Sri Aurobindo remains a perfect example of Hero as Poet and Hero as Man of Letters expounded by Thomas Carlyle. The poet is a heroic figure belonging to all ages; whom all ages possess. He is the vates sacer, the sacred seer seen by Carlyle in Dante and Shakespeare. Sri Aurobindo answers Carlyle's description of the Poet and inspired Maker; who Prometheus-like, can shape new symbols, and bring new fire from Heaven to fix it here. "A musical thought," we are told by the Sage of Chelsea, Carlyle, "is one spoken by a mind that has penetrated into the innermost heart of the thing; detected the inmost mystery of it; namely the melody hidden in it; the inward harmony of coherence which is its soul whereby it exists, and has a right to be here in the world. All inmost things, we may say are melodious, naturally utter themselves in song."
In this sense there is little difference between prose and poetry for the seer, the drashta. Everything is music and every thing is mantra. Everything is sweet and everything is luminous and light emitting. But, Sri Aurobindo as he said himself somewhere about his Savitri, wrote the poem just for himself. We don't find in Sri Aurobindo the despair Carlyle was said to have felt "in the face of a nature dis-godded and language desacralized." Our seer and saint Sri Aurobindo has in him the power of language to alter human lives, to take the initiated reader, his disciple and follower godward. He did re-god nature and re-sacralize language.
When a devout reader approaches the Gita , an Upanishad or a piece of any sacred text of an inspired genius, say like Sri Aurobindo, the very subject of the discourse is sublime and the appreciation of style is automatic along with the loftiness of thought, understanding, insight and intuition. The quality of communication itself is holy. Understanding. Aurolangue goes to the domain of saadhakas and enlightened ones slowly initiated and introduced to the higher realms. This is caviar to the general.
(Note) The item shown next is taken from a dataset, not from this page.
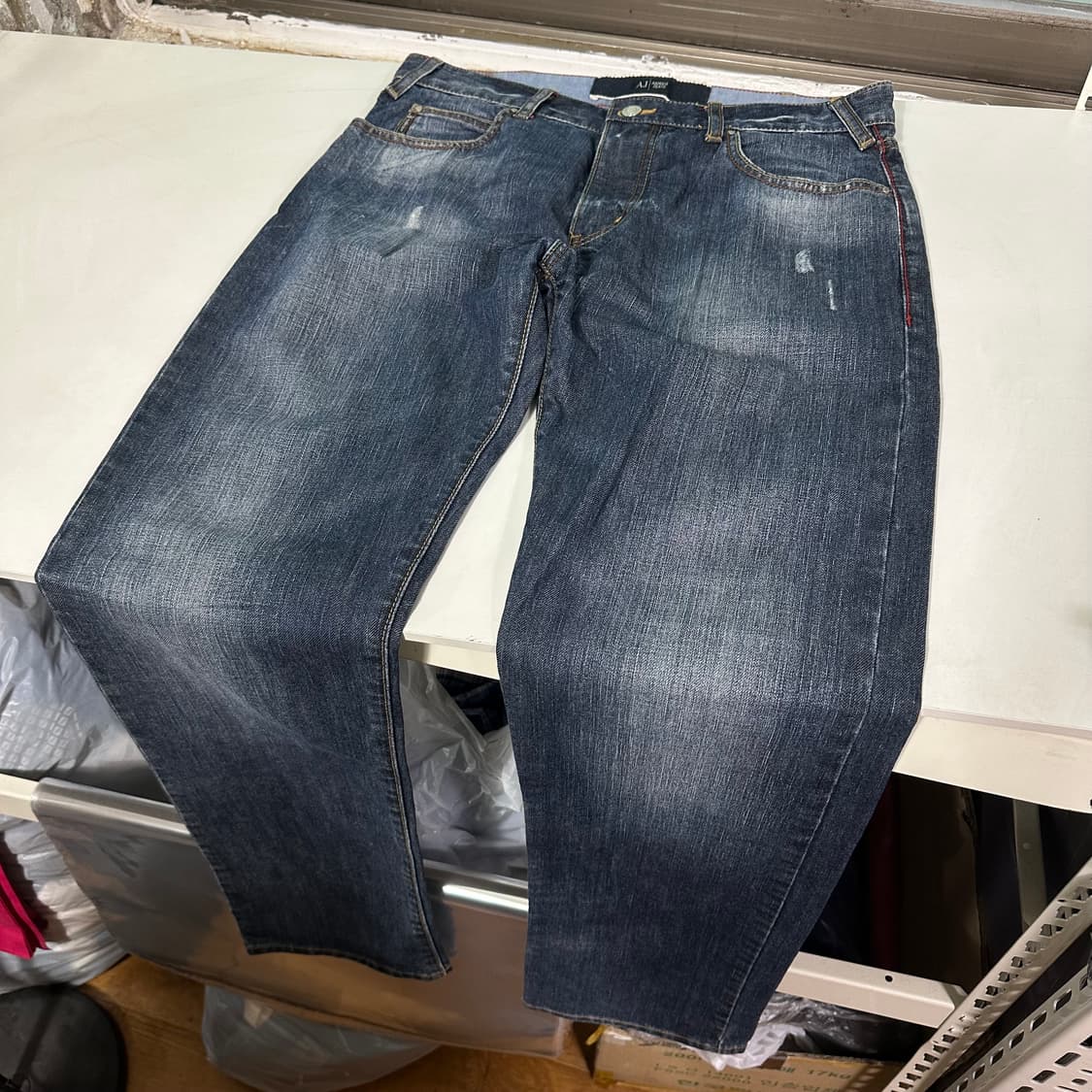 L 33 알마니 진스 스트레이트핏 중청워시드 데님팬츠 상품이미지4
Aaryavarta has a hoary tradition of language reflecting the complexity and the sublimity of thought of her great sages, saints and seers. This unique aspect of language is reason for its glory amidst diversity and multiplicity. Here language is only a springboard to launch the reader into the spiritual. Modern models of the emerging stylistic evaluation, translation technology and procedures of splitting, and dissecting discourse to the level of morpheme and phoneme is not much of an aid to understanding Aurolangue. Hard effort in terms of pondering and contemplation is essential to get at the pure metal of the author's intuition and intent.. Hence the relevance of Ruskin's famous trope. This could even be a worthwhile caveat to readers approaching Sri Aurobindo.
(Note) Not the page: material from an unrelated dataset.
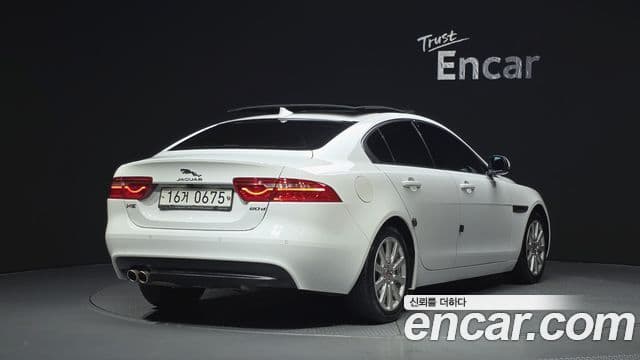 Jaguar XE 2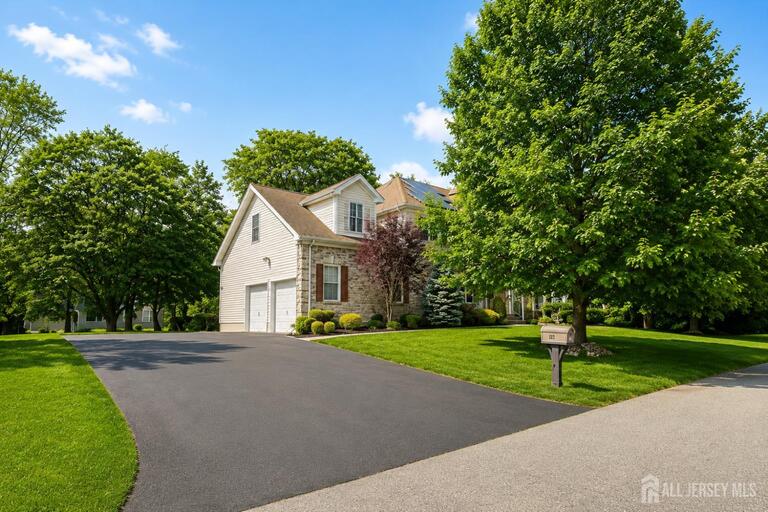Photo 8 of 111 Delmonico Avenue, Franklin Twsp NJ 08873, Franklin Twsp, NJ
Sri Aurobindo's works are for all time and for all mankind. A mere reading would never do. Each line or each sentence has to be taken in slowly (chewed and digested is the Johnsonian dictum) for contemplation, eventual enlightenment, and ultimate spiritual joy, aananda. Here is a very brief example, a bit of the poem The Rose of God, that could be a useful beginning for fruitful contemplation:
Rose of God, smitten purple with the incarnate divine Desire
Rose of Life, crowded with petals, colours' lyre!
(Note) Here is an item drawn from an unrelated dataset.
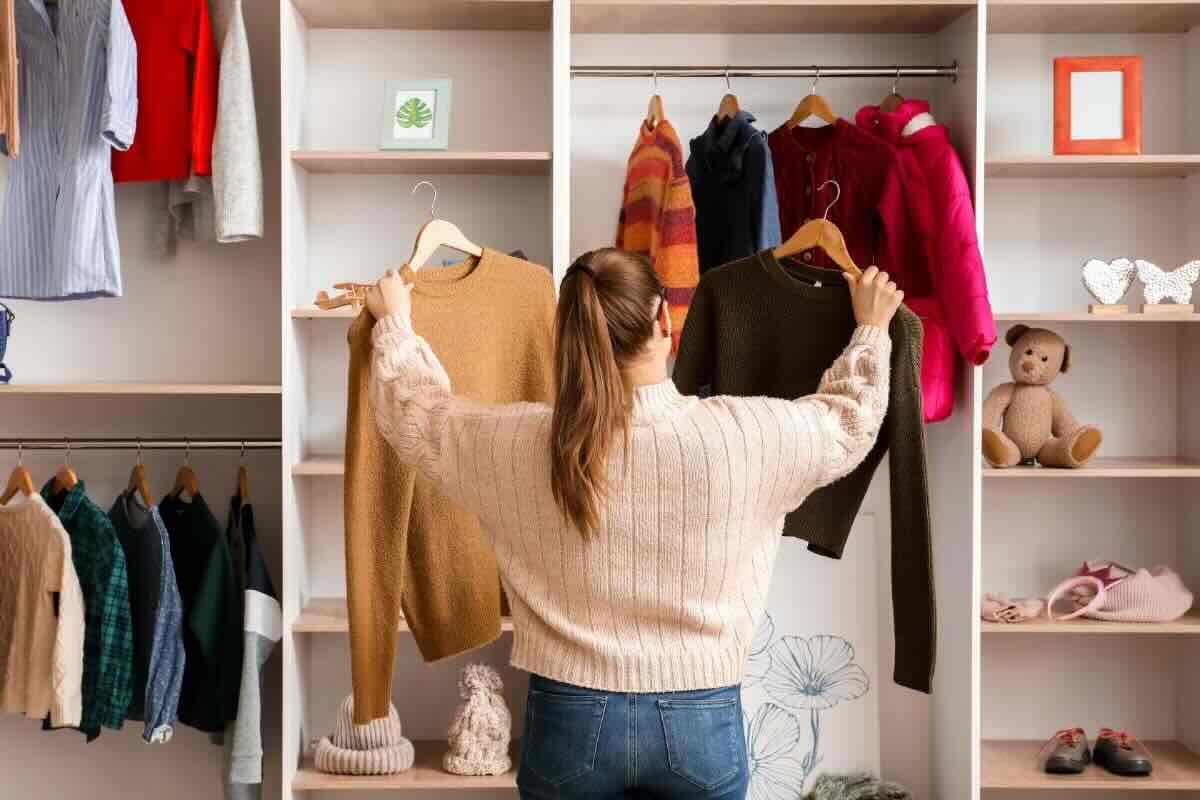 Tutti noi conserviamo degli indumenti che non indossiamo mai: ecco cosa vuol dire secondo gli psicologi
Transform the body of the mortal like a sweet and musical rhyme,
Bridge our earthward and heavenward, make deathless the children of Time.

What more aspiration or prayer could there be than this? Does this not echo many an Upanishad invocation? The harnessing of the polychromatic variations in the poem would take a separate paper for itself. The springs of spiritual aspiration lay at the bottom of the cadence and naada, which always runs as an undercurrent yielding a benediction.

As for initiation, the individual reader must fend for himself. Initiation is to being led into. A reader would do well to slowly get familiar with the seer's turn of expression with a degree of reverence. His own thought should be above the mundane, the commonplace and the routine. A basic familiarity with or an understanding of spirituality would be a great help.